Start of RECORDED DATA
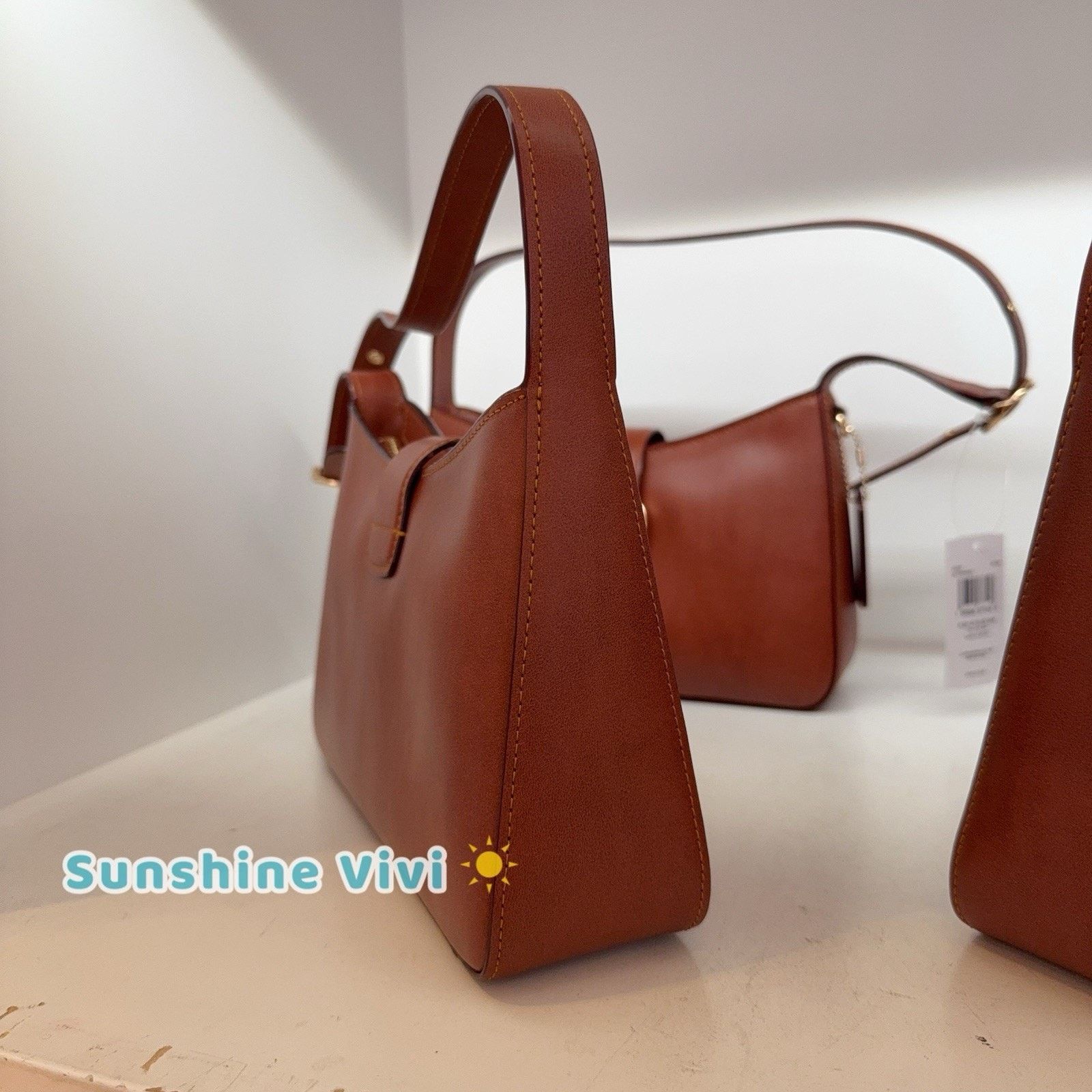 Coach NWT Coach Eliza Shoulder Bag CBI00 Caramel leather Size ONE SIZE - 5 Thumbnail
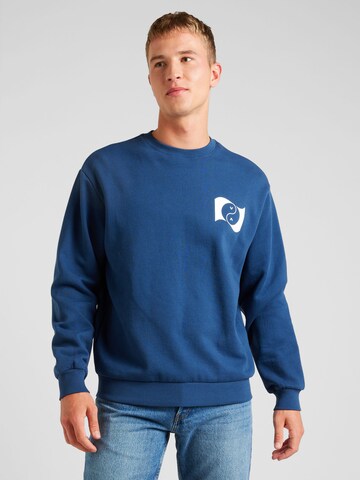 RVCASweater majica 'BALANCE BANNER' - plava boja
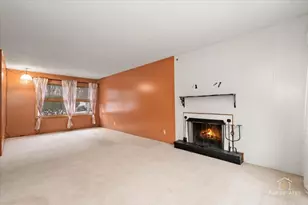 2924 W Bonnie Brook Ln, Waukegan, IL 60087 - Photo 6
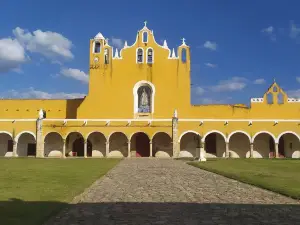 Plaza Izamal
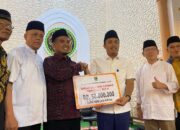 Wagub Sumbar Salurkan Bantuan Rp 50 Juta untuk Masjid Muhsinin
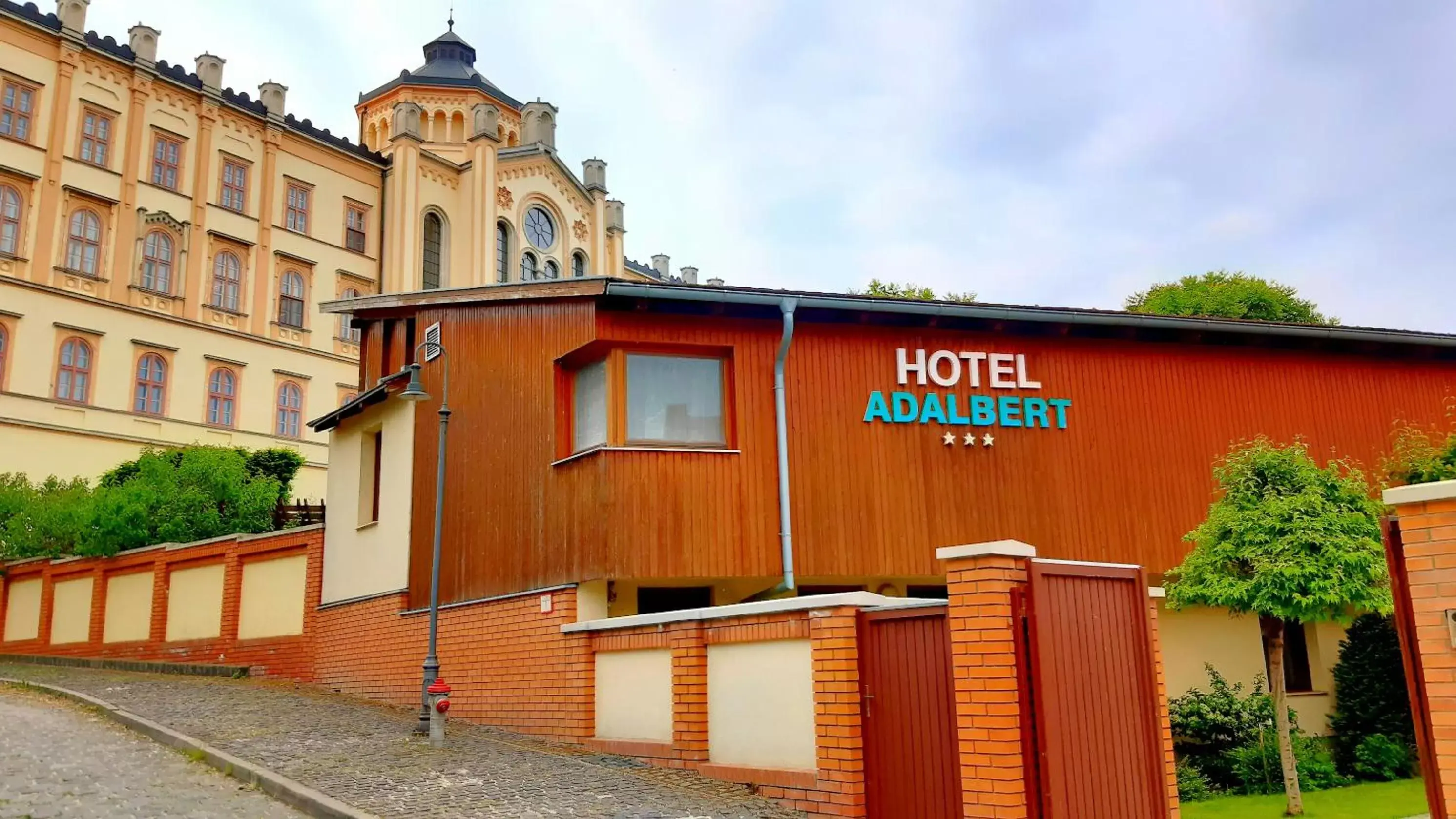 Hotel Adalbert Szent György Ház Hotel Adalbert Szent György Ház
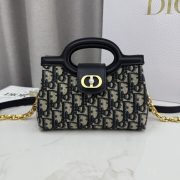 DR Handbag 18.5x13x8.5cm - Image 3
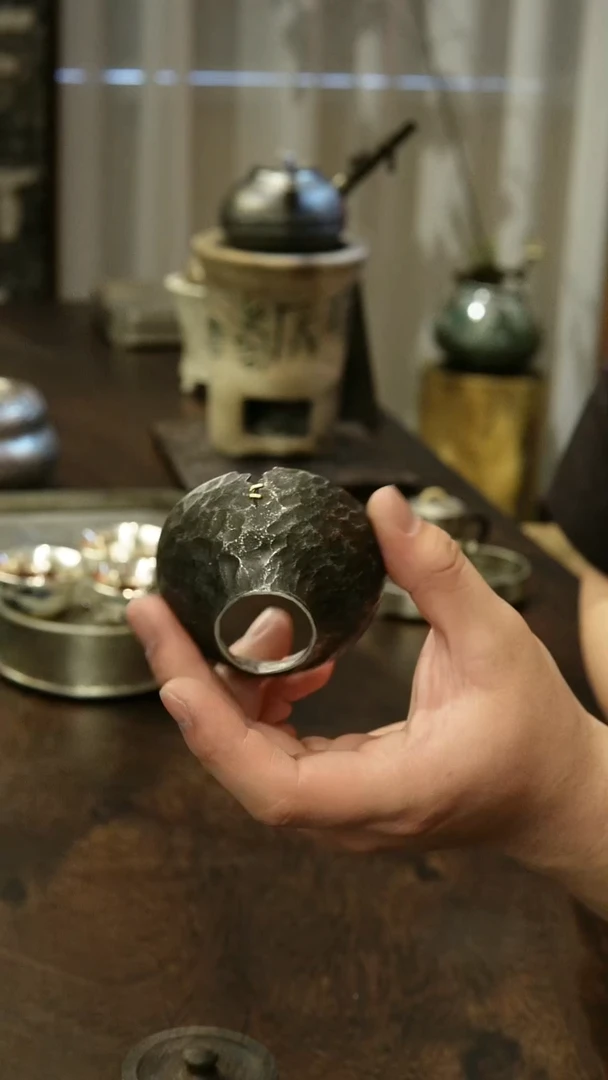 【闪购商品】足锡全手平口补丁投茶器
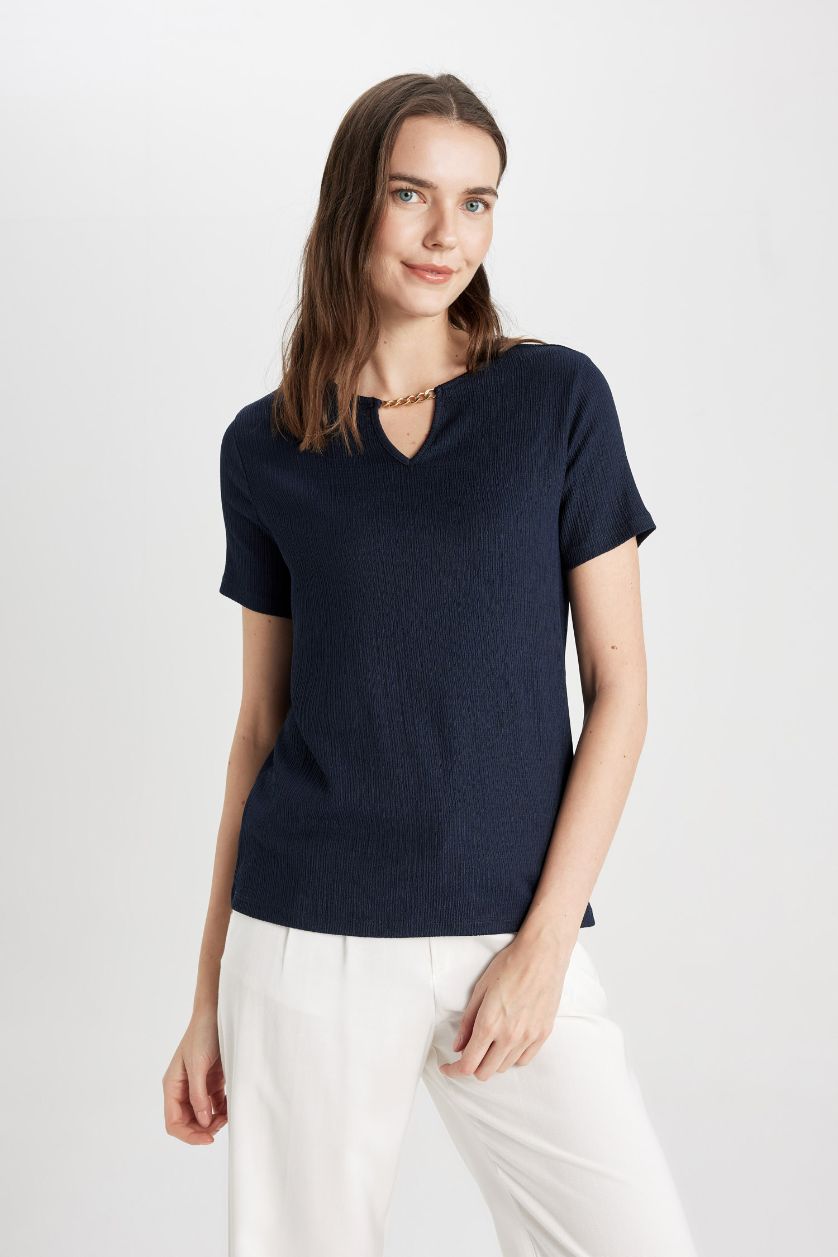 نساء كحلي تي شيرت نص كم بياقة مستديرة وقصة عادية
End of RECORDED DATA
Exactly the lines from the one that contains "Wagub Sumbar Salurkan" to the last line of the data, both included, should be set down, and no pictures should appear among them.

 Wagub Sumbar Salurkan Bantuan Rp 50 Juta untuk Masjid Muhsinin
 Hotel Adalbert Szent György Ház Hotel Adalbert Szent György Ház
 DR Handbag 18.5x13x8.5cm - Image 3
 【闪购商品】足锡全手平口补丁投茶器
 نساء كحلي تي شيرت نص كم بياقة مستديرة وقصة عادية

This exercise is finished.